Although the entries hold pictures, only their words are printed back, exactly as given.
# # # # # # #
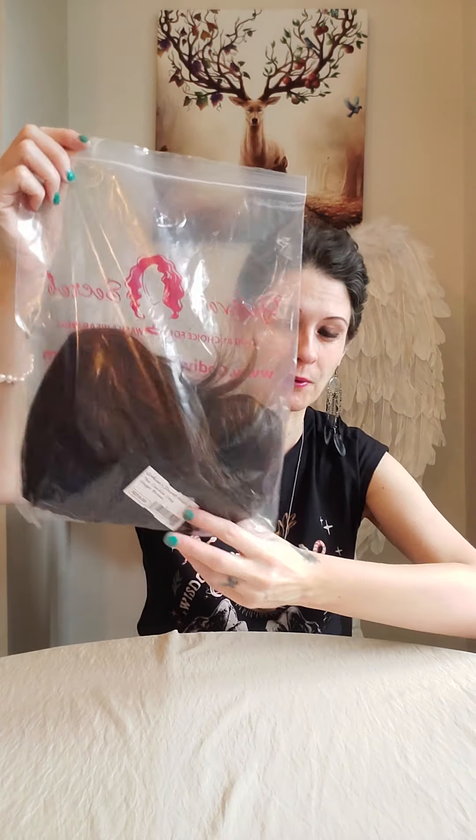I thought it'd be really cool to share the process from start to finish of how I get a wig ready to wear. This is how Thin Candies comes - I haven't even taken it out of the package yet, the label's still on. I'm going to make this one into my new work wig, because the one with the thin little bang I want to start wearing out and about.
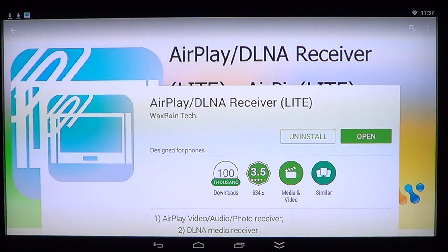This is probably the start of a series of videos on doing AirPlay on your Android TV box. This is installed on my Android TV box with KitKat version 4.4.2 and it's a video, audio and photo receiver, as they say, and a DLNA media receiver.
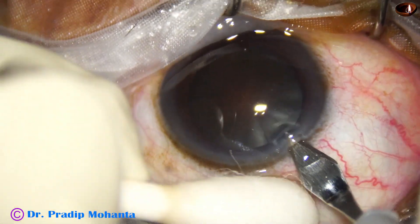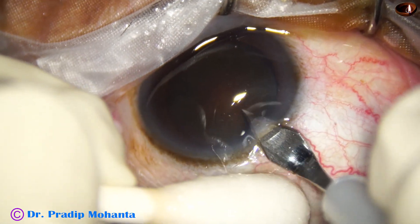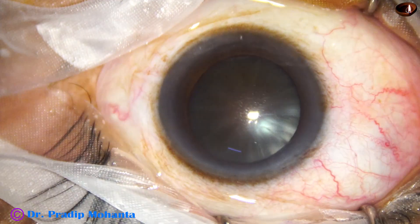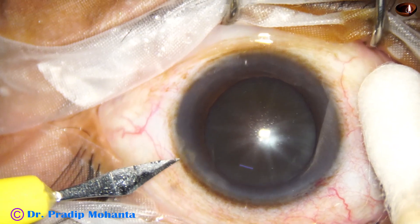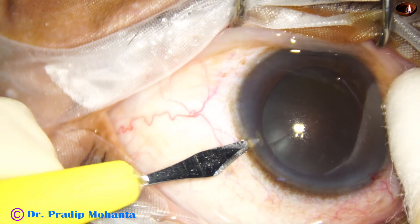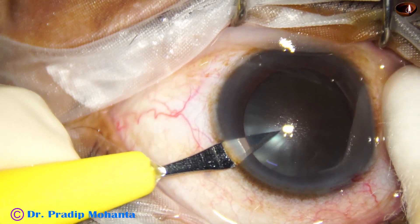This is the main wound made with a 2.8 millimeter steel keratome on the posterior aspect of the limbus, and now a side port is made on the left side of the main incision, about 3 clock hours away.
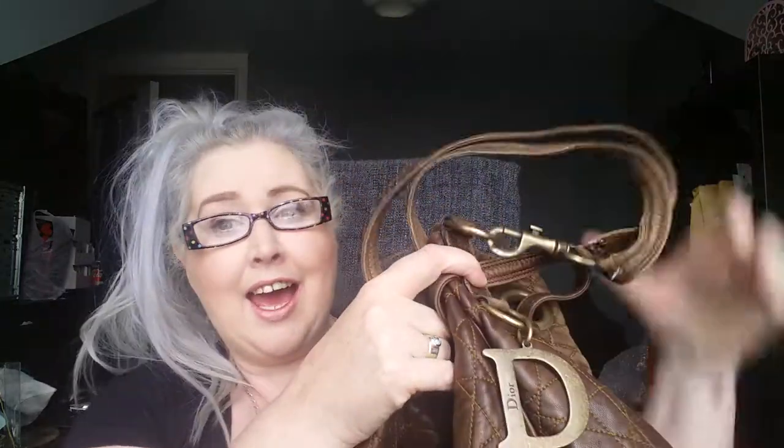Hello and thank you for clicking onto this video. I have another Christian Dior bag here. I seem to have a thing about Christian Dior bags at the minute, and it's only because I picked this up at a real good bargain. I don't like to let bargains slip by — if I'm not going to keep them for myself I like to pass them on as presents to family and friends.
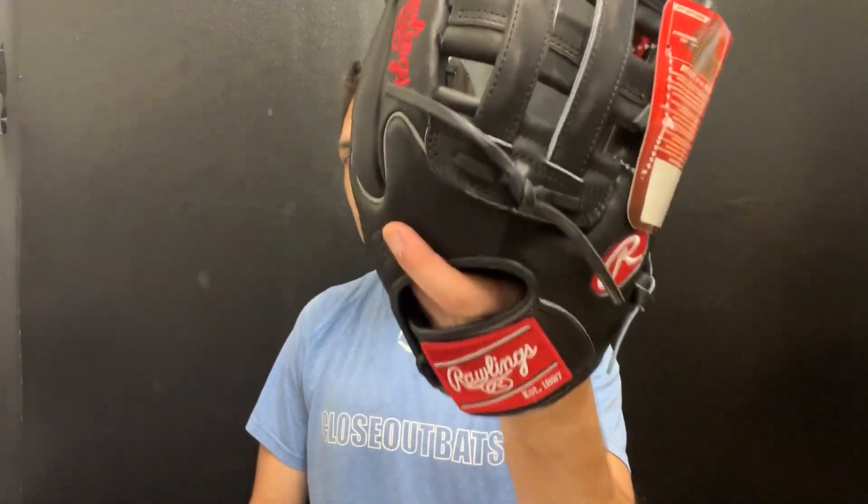From a tech standpoint, this is a Heart of the Hide 11 and three-quarters featuring that H-web design. This one has a little bit of newer tech to it — a newer design — and it will have that wing tip, which gives it a nice hint of swag, while still maintaining that classic-looking glove.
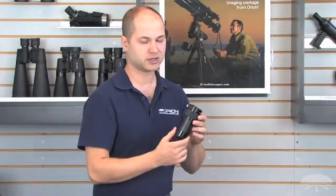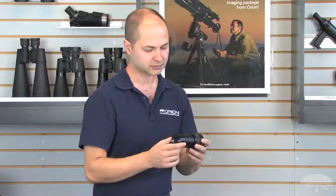Hi, I'm Caden with Orion Telescopes and Binoculars, and this is the Orion 2-inch 2X Barlow Lens. It doubles the power of whatever eyepiece you put into it, essentially giving you twice the number of magnifications in your collection.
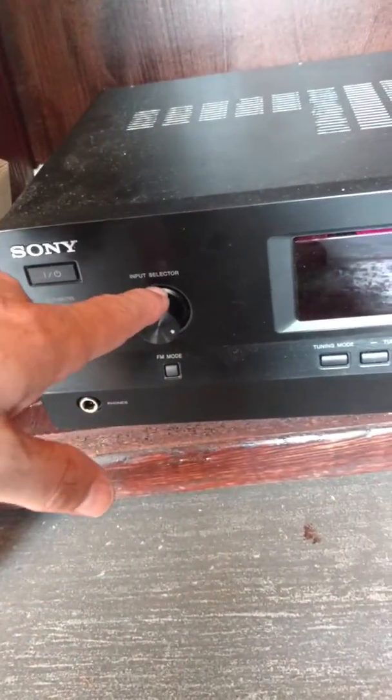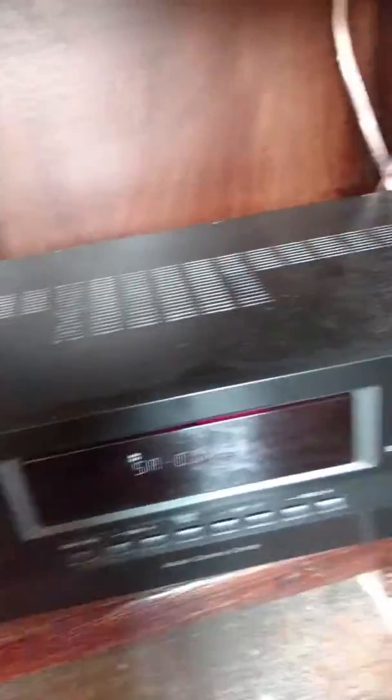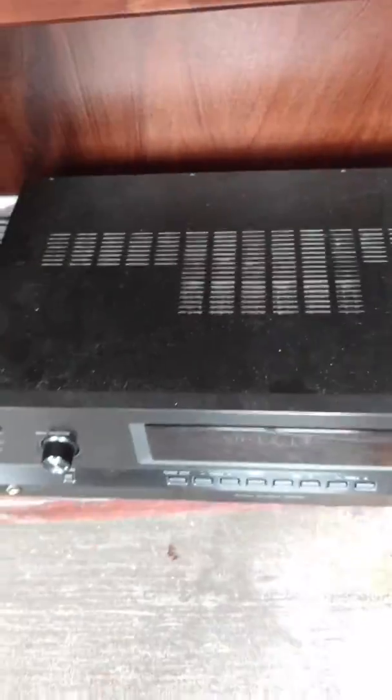Change your input selector to DVD. Turn up your volume. When you're done with the trivia, turn it back to CD. When you're done with the trivia, turn it back to their house music.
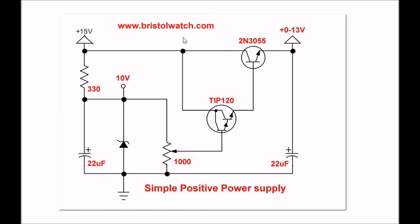I did a video on a negative power supply. This one is basically the same thing — I just used different transistors and reversed the polarity.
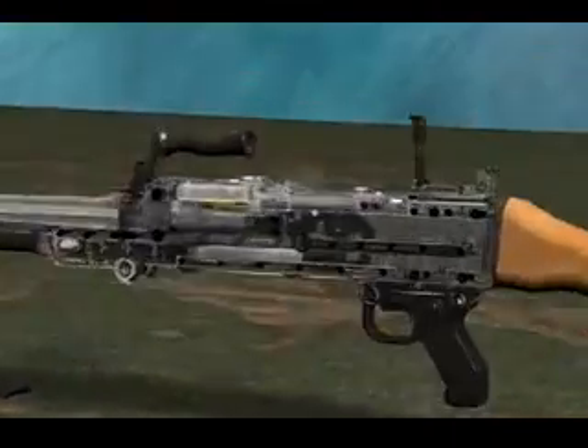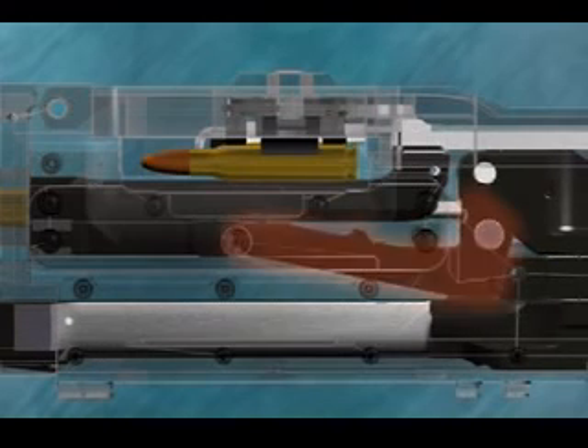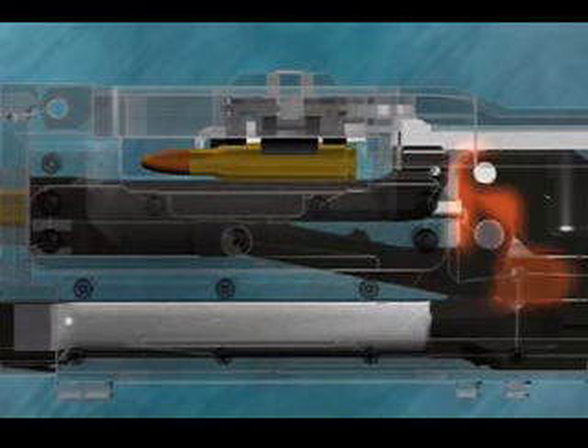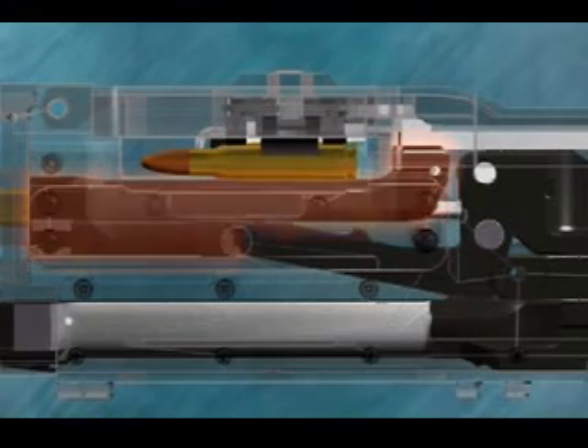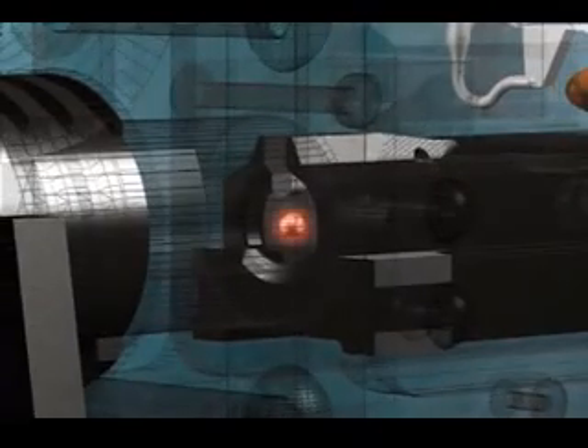Forward Position of the Working Parts. When the working parts are fully forward, the locking lever is down in the recess between the locking shoulder and the locking cams. Therefore, the breech block cannot move directly to the rear and the breech is locked. Additionally, the firing pin protrudes from the face of the breech block.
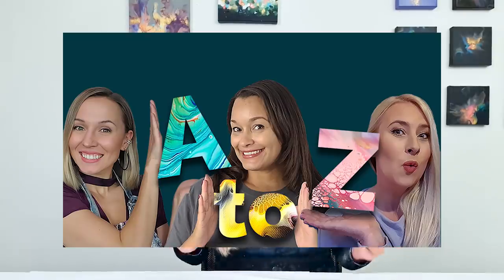I've teamed up with Molly and Olga for over a year now. We collected all our knowledge, all our experiences into one big acrylic pouring course. The course will be named Acrylic Pouring A to Z, because we cover A to Z.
# # # # # # #
» **Solution for this problem**
I thought it'd be really cool to share the process from start to finish of how I get a wig ready to wear. This is how Thin Candies comes - I haven't even taken it out of the package yet, the label's still on. I'm going to make this one into my new work wig, because the one with the thin little bang I want to start wearing out and about.
This is probably the start of a series of videos on doing AirPlay on your Android TV box. This is installed on my Android TV box with KitKat version 4.4.2 and it's a video, audio and photo receiver, as they say, and a DLNA media receiver.
This is the main wound made with a 2.8 millimeter steel keratome on the posterior aspect of the limbus, and now a side port is made on the left side of the main incision, about 3 clock hours away.
Hello and thank you for clicking onto this video. I have another Christian Dior bag here. I seem to have a thing about Christian Dior bags at the minute, and it's only because I picked this up at a real good bargain. I don't like to let bargains slip by — if I'm not going to keep them for myself I like to pass them on as presents to family and friends.
From a tech standpoint, this is a Heart of the Hide 11 and three-quarters featuring that H-web design. This one has a little bit of newer tech to it — a newer design — and it will have that wing tip, which gives it a nice hint of swag, while still maintaining that classic-looking glove.
Hi, I'm Caden with Orion Telescopes and Binoculars, and this is the Orion 2-inch 2X Barlow Lens. It doubles the power of whatever eyepiece you put into it, essentially giving you twice the number of magnifications in your collection.
Change your input selector to DVD. Turn up your volume. When you're done with the trivia, turn it back to CD. When you're done with the trivia, turn it back to their house music.
I did a video on a negative power supply. This one is basically the same thing — I just used different transistors and reversed the polarity.
Forward Position of the Working Parts. When the working parts are fully forward, the locking lever is down in the recess between the locking shoulder and the locking cams. Therefore, the breech block cannot move directly to the rear and the breech is locked. Additionally, the firing pin protrudes from the face of the breech block.
I've teamed up with Molly and Olga for over a year now. We collected all our knowledge, all our experiences into one big acrylic pouring course. The course will be named Acrylic Pouring A to Z, because we cover A to Z.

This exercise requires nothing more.